Search code examples
splitdataseth2o

H2o Flow UI: How Split Frame works for multiclass dataset?


I just set up h2o flow UI. I have a csv with the following labels.

Label | Count
0     | 9340
1     | 400
2     | 349

I have imported my file and parsed it. After I do split frame (by 80:20 ratio) I downloaded the 2 csv files to check the label count.

But the split doesn't split to what I expected to be.

I was expecting the data to be split as follows:

Class | Expected 0.8 | Actual 0.8 | Expected 0.2 | Actual 0.2
0     | 7472         | 7418       | 1868         | 1882
1     | 320          | 610        | 80           | 159
2     | 279          | 15         | 69           | 5

How can I split my data into the expected value I wanted above so that I can use it as train and validate frame for model building?


Solution

  • H2O-3's split frame option is not designed to provide exact splits.

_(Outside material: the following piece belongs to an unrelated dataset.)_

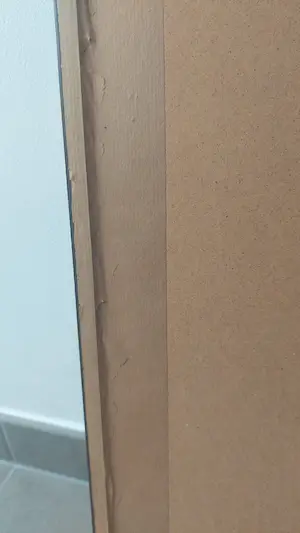 Valerio Adami - Omaggio a Juan Gris kopen? Bied vanaf 80!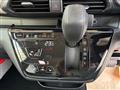 2026 Nissan Nissan Others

    H2O-3 is designed to be efficient on big data using a probabilistic splitting method rather than an exact split. For example when specifying a split of 0.75/0.25, H2O-3 will produce a test/train split with an expected value of 0.75/0.25 rather than exactly 0.75/0.25. On small datasets, the sizes of the resulting splits will deviate from the expected value more than on big data, where they will be very close to exact.